Somatic Hyperrepair: A Novel Tumor Suppression Mechanism for Germinal Center B Cells.

All somatic cell types, including all B lineage cells, constitutively express a number of DNA repair proteins to maintain genomic stability and thwart tumorigenesis in the face of ongoing constitutive levels of DNA damage. Compromises in expression of these essential DNA repair factors have been shown to readily induce the development of various cancers including B cell lymphomas, suggesting expression levels are tightly regulated and limited in quantity. In germinal center (GC) B cells, however, additional DNA repair capacity is likely required to counterbalance the heightened level of mutagenic activity owing to the induced expression of activation-induced cytidine deaminase (AID) during somatic hypermutation (SHM). AID is a DNA editing enzyme which introduces somatic mutations into immunoglobulin (Ig) V regions at an estimated rate which is almost a million-fold higher than the spontaneous rate in somatic cells.

We hypothesize that to maintain the genomic wellness of GC B cells which are undergoing SHM, there is a need for induction of an accompanying robust DNA repair system. We further hypothesize that inefficient induction of these repair genes may predispose to malignant transformation.

Using tonsillar tissue sections and purified tonsillar B cell subpopulations, we compared expression levels of various DNA repair genes and related these levels to AID expression across the subsets using immunohistochemistry, real-time RT-PCR, and Western blot analysis. To characterize the nature of signals capable of inducing expression levels of AID and/or DNA repair proteins, peripheral blood B cells were activated in vitro using a panel of stimuli, including coculture with activated CD4 T cells.
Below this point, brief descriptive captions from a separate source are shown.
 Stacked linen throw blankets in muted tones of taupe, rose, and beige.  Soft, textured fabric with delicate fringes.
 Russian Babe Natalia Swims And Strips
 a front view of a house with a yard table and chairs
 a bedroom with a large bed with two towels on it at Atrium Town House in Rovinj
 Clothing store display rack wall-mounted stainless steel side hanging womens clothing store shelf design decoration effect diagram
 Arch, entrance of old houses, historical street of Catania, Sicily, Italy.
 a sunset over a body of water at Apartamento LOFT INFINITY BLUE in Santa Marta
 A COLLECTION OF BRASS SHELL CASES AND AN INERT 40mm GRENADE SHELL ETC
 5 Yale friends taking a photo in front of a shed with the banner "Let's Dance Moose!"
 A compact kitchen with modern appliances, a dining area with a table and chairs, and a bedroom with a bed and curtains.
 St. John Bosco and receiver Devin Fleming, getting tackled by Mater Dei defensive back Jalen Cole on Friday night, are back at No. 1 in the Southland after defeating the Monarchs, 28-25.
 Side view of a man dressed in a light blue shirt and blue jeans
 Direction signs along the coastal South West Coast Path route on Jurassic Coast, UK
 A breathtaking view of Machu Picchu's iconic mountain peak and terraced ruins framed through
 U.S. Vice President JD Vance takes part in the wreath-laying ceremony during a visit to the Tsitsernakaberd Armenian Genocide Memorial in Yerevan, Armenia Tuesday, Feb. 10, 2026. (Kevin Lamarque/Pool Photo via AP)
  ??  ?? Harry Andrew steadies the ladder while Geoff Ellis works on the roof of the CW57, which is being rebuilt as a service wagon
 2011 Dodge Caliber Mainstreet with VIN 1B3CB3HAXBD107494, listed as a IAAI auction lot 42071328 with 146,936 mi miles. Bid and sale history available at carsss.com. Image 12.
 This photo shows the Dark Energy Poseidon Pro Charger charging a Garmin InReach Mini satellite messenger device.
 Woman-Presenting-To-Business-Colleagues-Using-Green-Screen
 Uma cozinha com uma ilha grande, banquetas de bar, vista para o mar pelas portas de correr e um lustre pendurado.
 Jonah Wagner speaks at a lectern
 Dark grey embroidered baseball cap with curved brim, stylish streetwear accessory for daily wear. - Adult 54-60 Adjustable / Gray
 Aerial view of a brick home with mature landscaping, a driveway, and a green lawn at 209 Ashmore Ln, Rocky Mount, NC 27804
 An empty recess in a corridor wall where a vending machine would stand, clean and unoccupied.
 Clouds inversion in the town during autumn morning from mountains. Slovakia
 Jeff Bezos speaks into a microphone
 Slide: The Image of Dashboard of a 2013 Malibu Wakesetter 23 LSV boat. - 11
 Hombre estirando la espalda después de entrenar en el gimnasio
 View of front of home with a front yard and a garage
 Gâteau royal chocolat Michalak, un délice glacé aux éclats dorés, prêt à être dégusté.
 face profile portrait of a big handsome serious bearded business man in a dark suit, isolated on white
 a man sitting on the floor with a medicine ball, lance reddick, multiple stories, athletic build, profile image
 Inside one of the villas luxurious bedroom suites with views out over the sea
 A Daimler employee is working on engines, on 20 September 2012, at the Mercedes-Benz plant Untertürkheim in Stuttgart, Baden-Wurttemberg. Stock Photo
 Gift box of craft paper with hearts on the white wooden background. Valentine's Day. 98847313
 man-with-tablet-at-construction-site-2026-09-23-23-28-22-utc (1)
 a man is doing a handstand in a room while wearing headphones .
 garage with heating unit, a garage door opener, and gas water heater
As a surrogate measure of mismatch repair (MMR) activity in the relative absence of T cell help, we quantitated the number of somatic hypermutations at A/T sites in the Ig heavy chain variable (IGHV) region genes in a collection of IGHV sequences obtained from normal B cells and HIV-related lymphoma cells.

Using immunohistochemistry, we observed that, similar to the expression of AID, DNA MMR genes are significantly induced in tonsillar GC B cells. These results were further validated using a more sensitive real-time RT-PCR assay and analysis by Western blotting. By expanding our DNA repair gene panel, we observed that proteins of homologous recombination, base excision repair and DNA single strand break signalling pathway are also similarly induced in GC B cells at RNA, protein, and functional levels compared to their expression in naïve and memory B cells. By contrast, expression of non-homologous end joining and DNA double strand break signalling molecules are unchanged. We have termed this selective induction of repair mechanisms in GC B cells as somatic hyperrepair (SHR). To identify pathways that lead to the activation of AID and SHR, we used an in vitro system and a variety of stimuli and we discovered that multiple B cell stimuli including CpG, CD40L, and anti-BCR could each independently induce the expression of AID while SHR induction strictly required the engagement of CD4+ T cells. This provocative observation suggests a novel role for CD4+ T cells in mitigating tumorigenesis of post-GC B cells through their ability to induce the SHR pathway in cells that have been induced to undergo SHM. To demonstrate the possible role of SHR in lymphomagenesis, we analysed the mutation pattern of IGHV genes from a panel of B cell lymphomas obtained from HIV infected (CD4+ T cell suppressed) patients. We found that HIV-related lymphoma cells displayed a significantly lower frequency of SHM at A/T positions relative to normal memory B cells, indicative of compromised MMR of their precursor cells during GC transit. Our findings resolve the lingering paradox that B cell malignancies are overwhelmingly prevalent under T cell suppression conditions such as HIV infection, post-organ transplant, and aging. Finally, our results also suggest for the first time that mounting efficient tumor suppression for some cells may depend on signals transmitted by neighboring cells and the specific microenvironment.

No relevant conflicts of interest to declare.